O Brasil é um local propício para isso?
Não deveria ser, mas é. O capitalismo consciente prevê um livre mercado, dificilmente você consegue aplicar em países como China, Coreia do Norte e Venezuela. O princípio nasceu junto com o conceito de Adam Smith que diz que a liberdade do indivíduo, através da concorrência, limita ganhos extraordinários e preços fora de propósito. O Brasil teve gestões com muita interferência do Estado e controle sobre a gestão das empresas, teoricamente isso deveria dificultar a prática do capitalismo consciente. No entanto, os resultados da pesquisa que fizemos comprovam que mesmo em um pais dentro desse cenário, aquelas que conseguiram aplicar as mudanças, tiveram resultados excepcionais, tão bons quanto das empresas norte-americanas.
Quais são as principais dificuldades que as empresas enfrentam nessas mudanças?

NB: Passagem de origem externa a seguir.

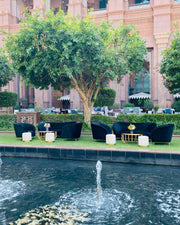 Outdoor seating area with black chairs and tables by a poolside, with a building and trees in the background.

A pressão externa, principalmente se tiver capital aberto. Dificilmente o acionista tem um perfil que acredita em resultados a longo prazo, normalmente são especulativos. A pressão deles sobre o conselho e do conselho sobre a direção é um dificultador. A segunda é a forma como se remunera os executivos. Enquanto tiver bônus a curto prazo voltado apenas para venda e lucro, sem considerar outros parâmetros, como sustentabilidade, satisfação dos colaboradores, engajamento e reconhecimento do cliente, dificilmente vamos mudar.